NatWest (LON:NWG) has been able to flex its financial muscles once more, outpacing expectations and maintaining its guidance for the year.
After a particularly strong start to the corresponding period last year, it is unsurprising that the headline numbers are lighter this time around. Even so, both of the key measures are ahead of forecasts. Total income of £3.47 billion was down by 10% but ahead of the expected £3.43 billion, while a pre-tax profit decline of 27% to £1.33 billion beat estimates of £1.26 billion.
Income has been affected on a number of fronts, such as lending margin pressure and lower deposit balances as customers search for higher rates of return after years in the doldrums. Nonetheless, the situation appears to be stabilising and the group has pointed to the fact that both net lending and customer deposits rose in the quarter. Of course, it remains to be seen whether this trend becomes established.
The increase in loans also gives a nod to potential customer defaults, with a further provision of £93 million, although the number remains significantly lower than some of its peers. It may also reflect the generally lower risk loan book which the bank runs and NatWest has itself stated that levels of default are low and stable. previously describing its own “intelligent approach to risk” as including a proactive attitude for those customers who may be approaching some level of financial strain, such that the new provision is a prudent move in the circumstances.
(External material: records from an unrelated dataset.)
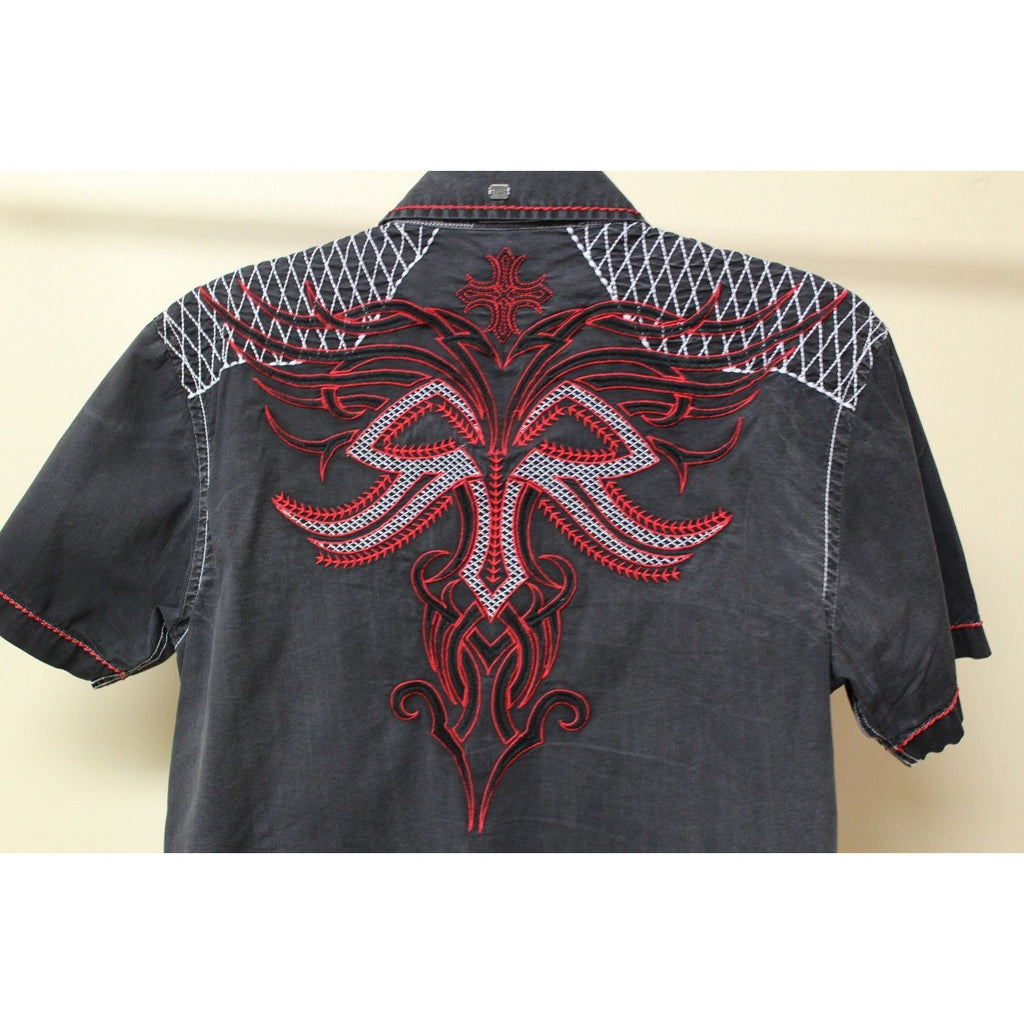 Men's Roar Signature Black Short Sleeve Button Up Shirt Size Medium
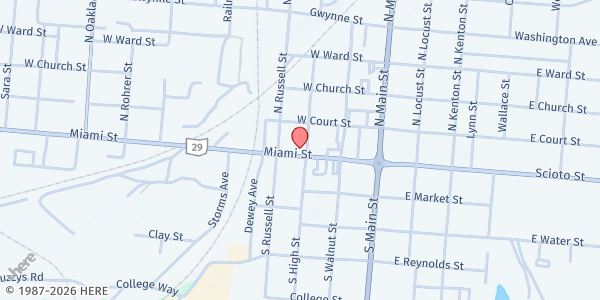 Map showing Caring Kitchen at 300 Miami St, Urbana, OH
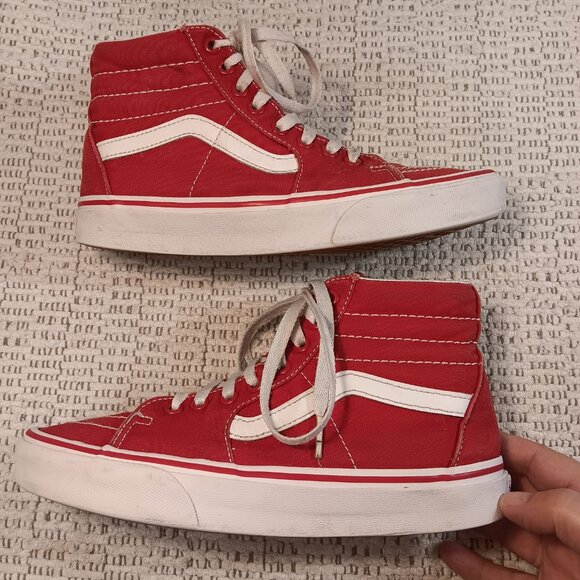 Vans women's red canvas Sk8 Hi-Top athletic shoes sz 8 (or men's 6.5) - Picture 5 of 15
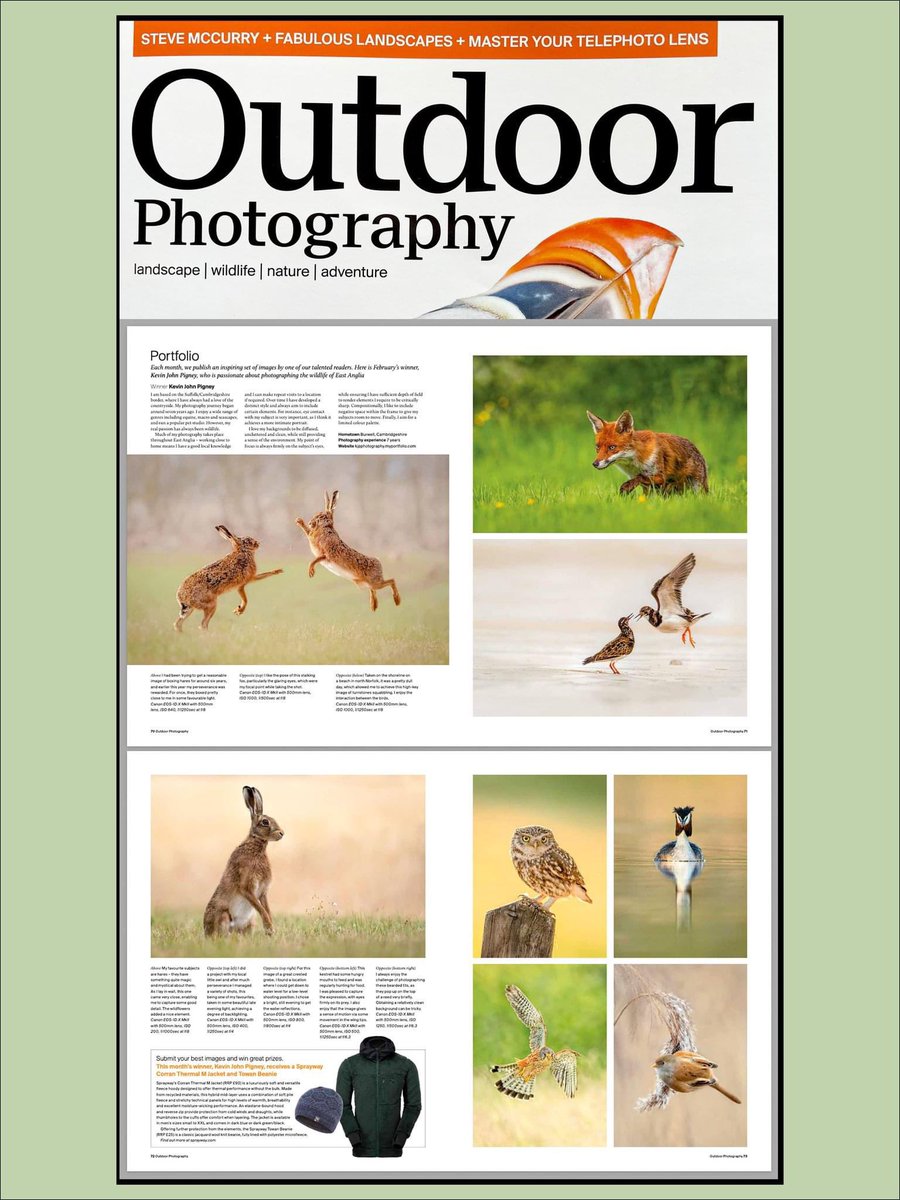 Congratulations to member Kevin Pigney who is featured in this months Outdoor Photography magazine 👏 @elystandard @SpottedInEly @OPOTY @BabylonArtsEly @WildlifeMag @NearbyWild #NaturePhotography #wildlifephotography #nature @BBCEarth @NatureUK @Britnatureguide @BWPAwards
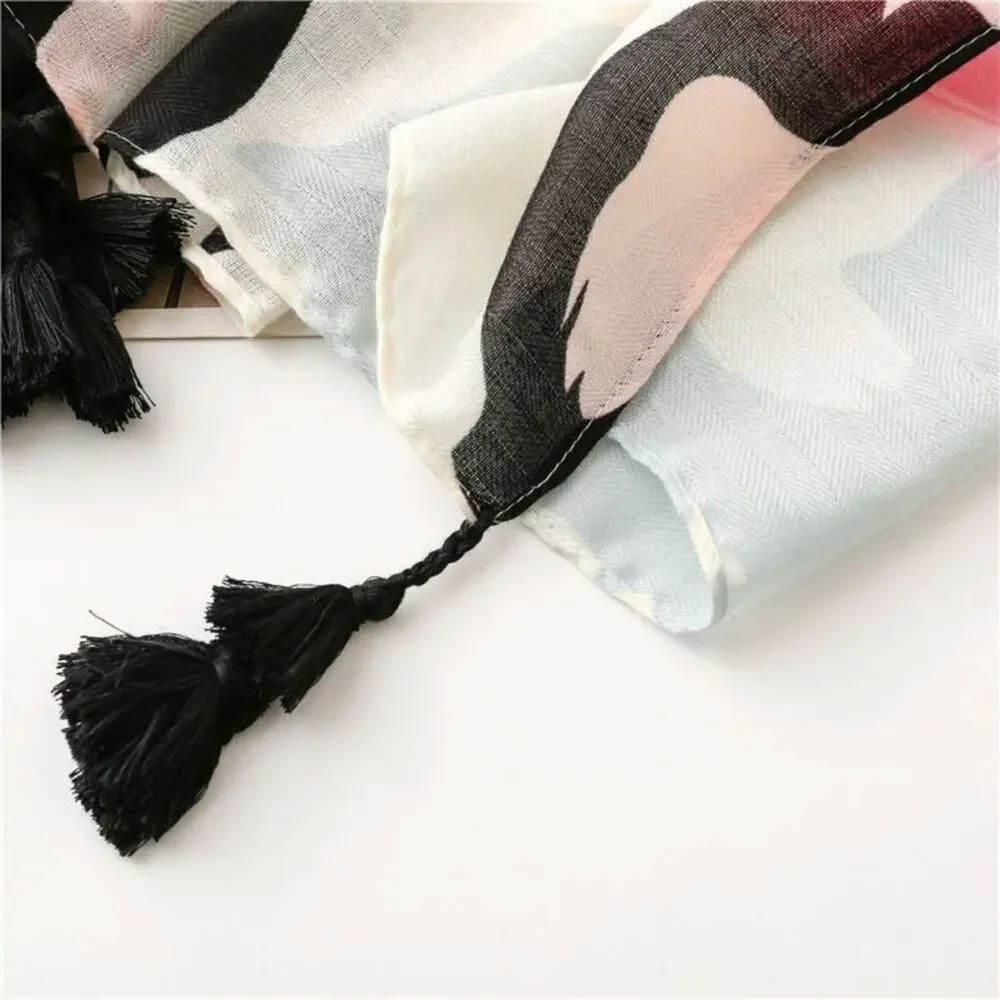 NEW Boho Floral Tasseled Rectangle Soft Chic Scarf Large Pink White Black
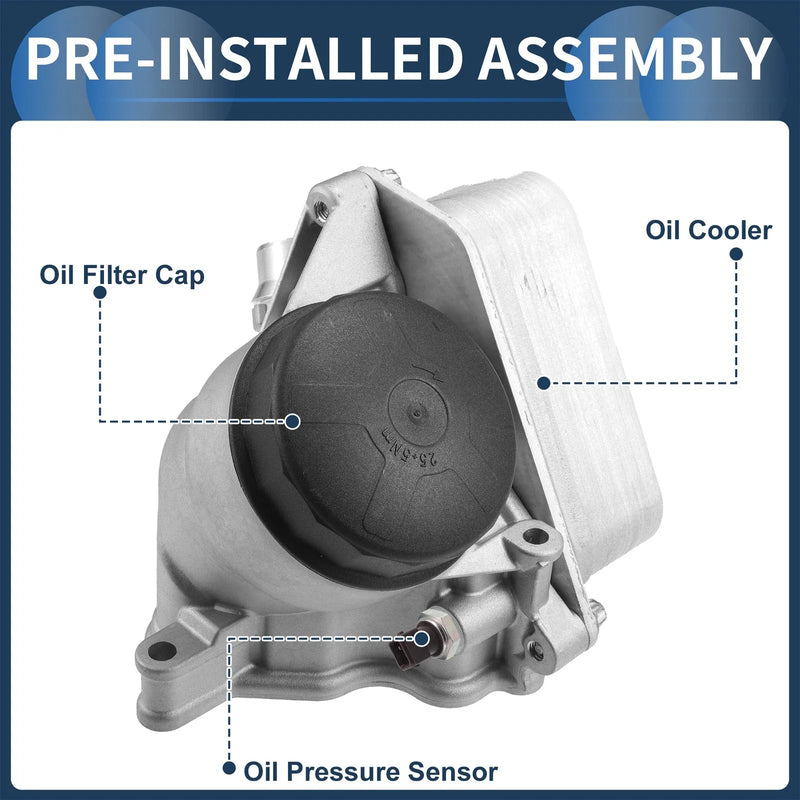 BMW 128i 1 Set Engine Oil Cooler Filter Housing with Sensors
In relative terms, there were also other pockets of positive surprises. Net Interest Income of £2.65 billion, while 8.6% lower, was ahead of the guided £2.56 billion and the Net Interest Margin of 2.05% was ahead of both consensus as well as the previous quarter’s 1.99% number. A Return on Tangible Equity of 14.2% fell from 19.8%, but nonetheless was ahead of the ROTE figures which have been reported by competitors so far this season.
Given the backdrop, the balance sheet remains in rude health. A capital cushion, or CET1 ratio of 13.5% is comfortably ahead of the bank’s own target, while a cost/income ratio of 58.4% suggest an ongoing focus on efficiency. Indeed, the increasing migration of customers to digital platforms and the subsequent reduction in branch footprint are clearly playing into reducing costs, with the bank previously reporting that 9.8 million customers were now using its mobile app and that 94% of its customers’ needs are now being met digitally, as compared to 53% in 2019. In addition, while there was no updates on potential share buybacks at this stage as expected, a dividend yield of 5.9% is relatively punch compared to the rest of the sector.
The Commercial & Institutional unit, which accounted for 58% of the operating profit played a strong hand in the quarter, with growth coming from “multiple sectors” including an increase in lending and strong capital markets, and a ROTE of 14.6%. This led to operating profit of £769 million for the quarter, compared to £725 million in the final quarter of last year, while a mild reduction to customer deposits did little to blight the overall performance.
There had perhaps been an expectation that there would be an update on the potential retail offer for the government’s remaining stake in NatWest, which now stands at around 30%. Instead, the group stated that it was pleased with the recent momentum in reduction of the stake, edging towards the “shared ambition” of returning NatWest to private ownership. Even so, there is much for investors to appreciate in a generally strong set of numbers, which has received a warm welcome in opening exchanges. The share price bounce adds to a net increase of 8% over the last year, as compared to a gain of 2.9% for the wider FTSE100, and is further evidence of the momentum which has propelled the price by 40% in the last six months alone. NatWest has again delivered an outcome which should mean that it retains its spot as the preferred play on the sector, with a market consensus which comes in at a strong buy.